Lets imagine you have a disc like a CD. Then you take that CD and rest it flat on a desk. Now you tilt the disc left to right and forward to back while touching the desk with 1 point on the edge of the disc.
-Assume you know the tilt angle forward to back as (y) and the tilt angle left to right as (x).
-You know the radius of the CD disc as R.
-You know the CD disc rotation angle between the radius of the point touching the desk and the point you want to figure the height for.
Edit// Angle y is in the yz plane
Angle x is in the xz plane
The the angle between the radius of the 2 points is in the xy plane
//
Id like to know how to determine the height from the desk to any other point on that disc.
It is actually much simpler than that.
You can set up a Cartesian 3D coordinate system where the disc radius is $R$ (diameter $2R$), the desk is at $z = 0$, the center of the disc is at $(0, 0, z_c)$, and the disc touches the desk at $(-x_t, 0, 0)$. This means the disc is always parallel to the $y$ axis (as if you were to hold the disc up in air using a thin wire at $x = 0$, $z = z_c$).

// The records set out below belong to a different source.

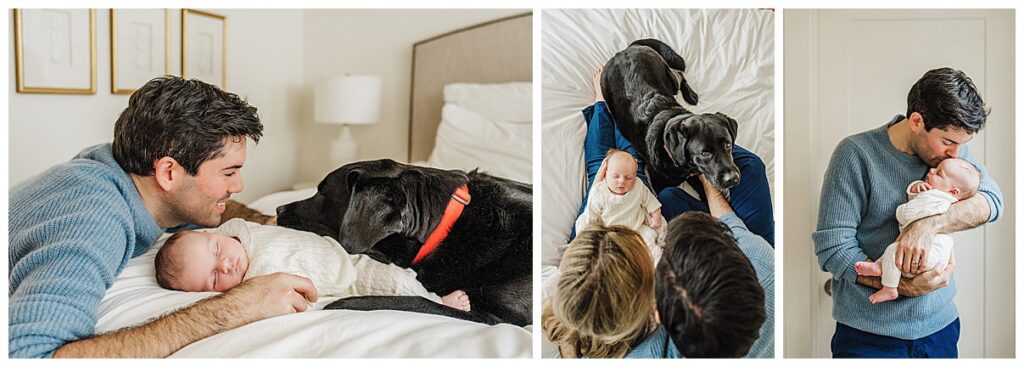 In-home lifestyle newborn session with family in coordinating neutral outfits, Boston Massachusetts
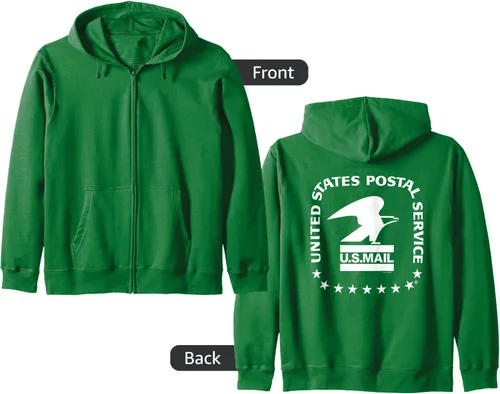Vista 9 de USPS - Sudadera con capucha y cremallera con sello de correo aéreo de, Gris Negro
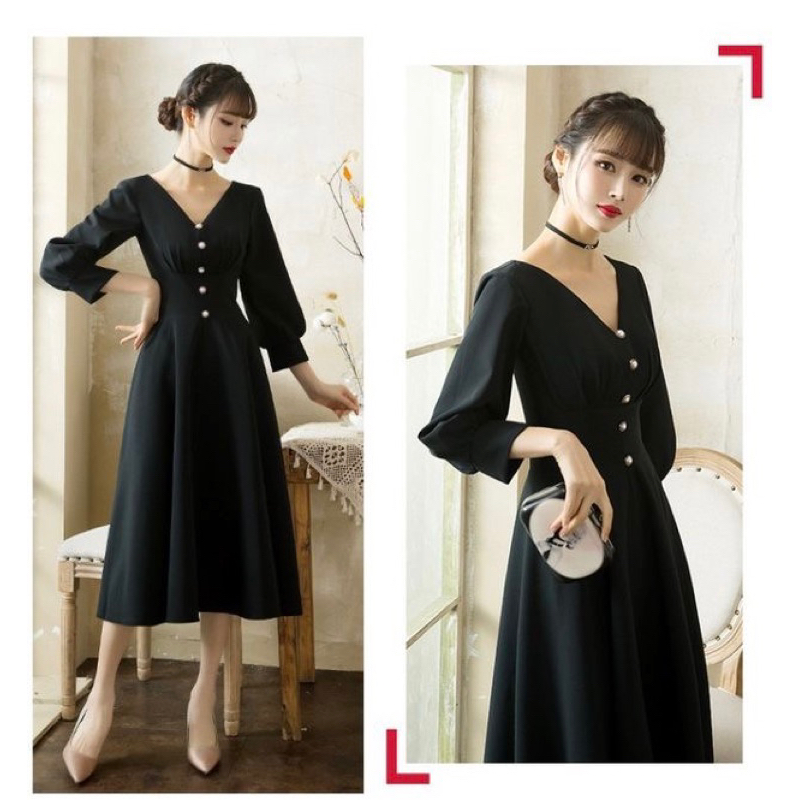 🌟心儀 現貨在台，黑L(S-L) 敬酒服 禮服 洋裝 氣質 v領 酒紅色 結婚 訂婚 回門 連衣裙 新娘 長裙 洋裝-細節圖6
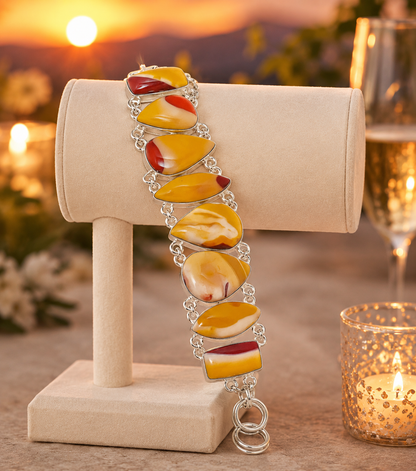 One of a Kind Montecito Mookaite Sterling Silver Statement Bracelet – Golden Sunset & Earthstone Variations
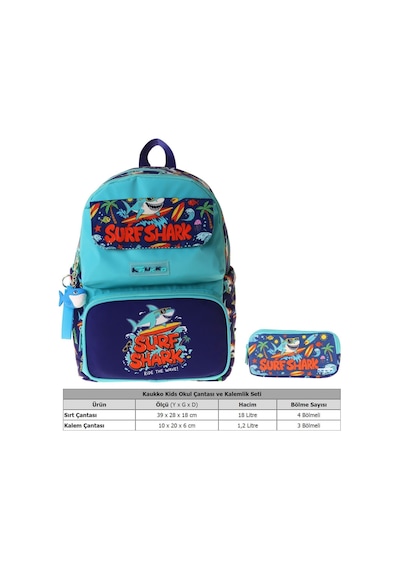 Kaukko Kids Surf Yeşil - Lacivert Erkek Çocuk İlkokul Sırt Çantası Ve Kalem Çantası Seti - Setkk-l5354c Çok Renkli
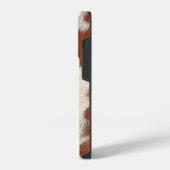茶色と白の牛革テクスチャー iPhoneケース (左側面)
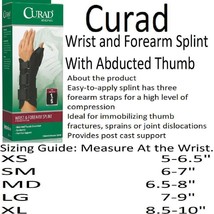 Curad Left X-Large Wrist &amp; Forearm Splint With Abducted Thumb Black - $271.21 MXN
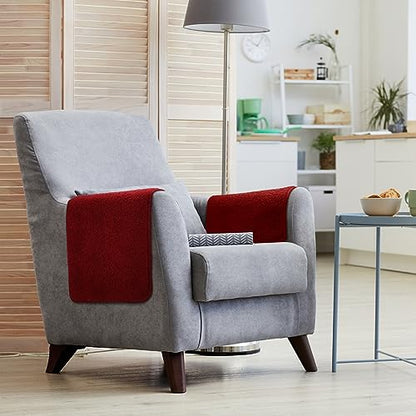 Frienda 2 Pieces Recliner Headrest Covers Sofa Headrest Protector for Recliner Chair Couch Furniture Non Slip for Living Room(Burgundy) - color: Burgundy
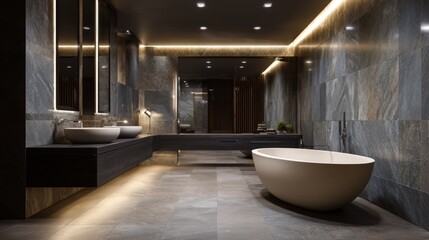 Dark modern bathroom with a white bathtub stone tiles and a large mirror and lighting features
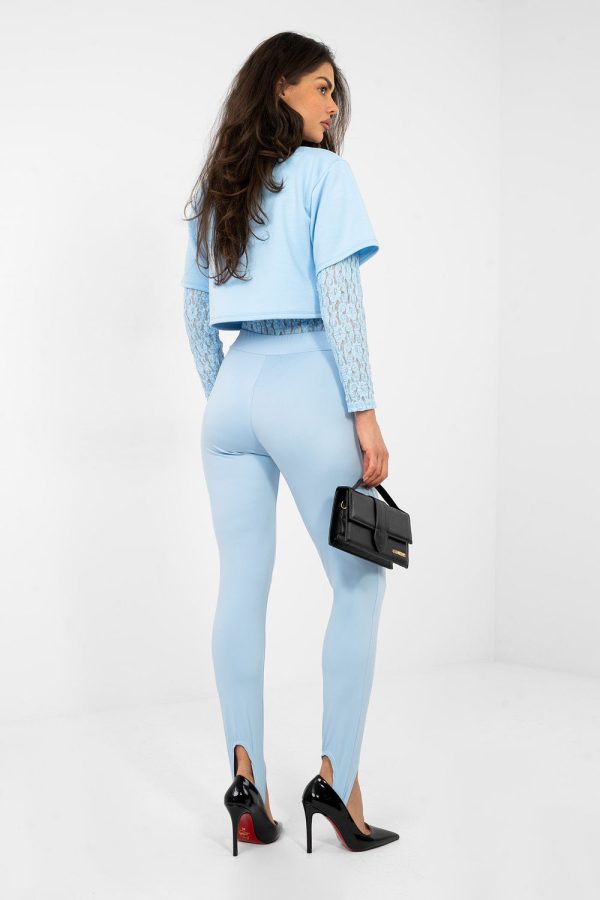Blue Long Leggings in Leggings with Spandex, Polyester and Viscose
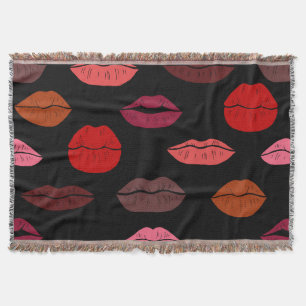 Manta Huella de labios, besos rosados rojos.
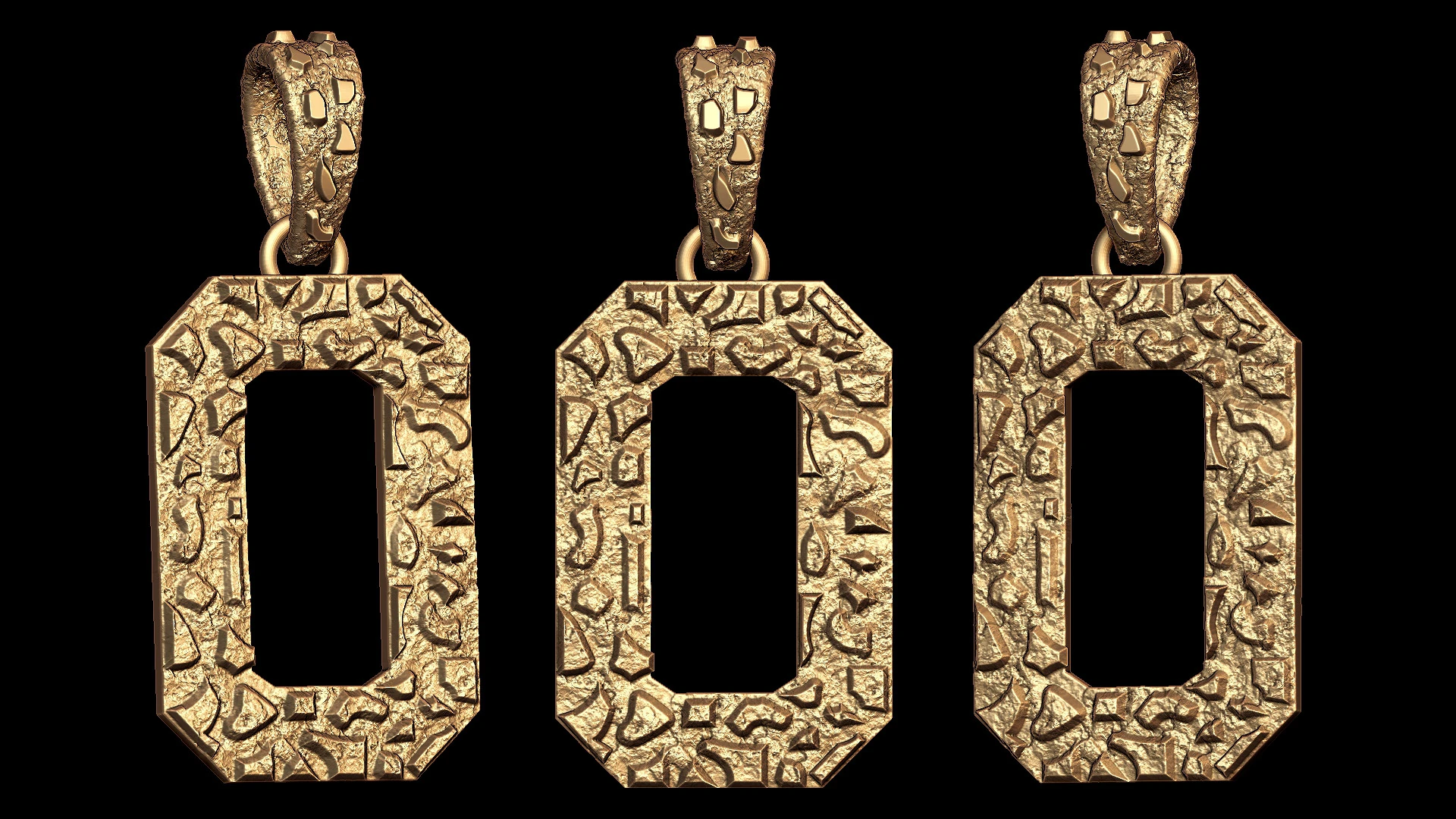 Plain Gold Nugget Number 0 3D Print Model .c4d .max .obj .3ds .fbx .stl .blend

Then, the vertical distance from any point on the disk is a function of the $x$ coordinate of that point, $$\bbox[#ffffef]{z = z_c + x \frac{z_c}{x_t} \tag{1}\label{NA1}}$$
Note that even the disc radius is not a factor. This is because the same applies if you had a triangle, or indeed any planar shape that touches the desk at $(-x_t, 0, 0)$, and is angled in the $xz$ plane only (always parallel to the $y$ axis).
This is easy to transform to any other coordinate system you prefer. However, the OP didn't specify any, so I suppose this should suffice.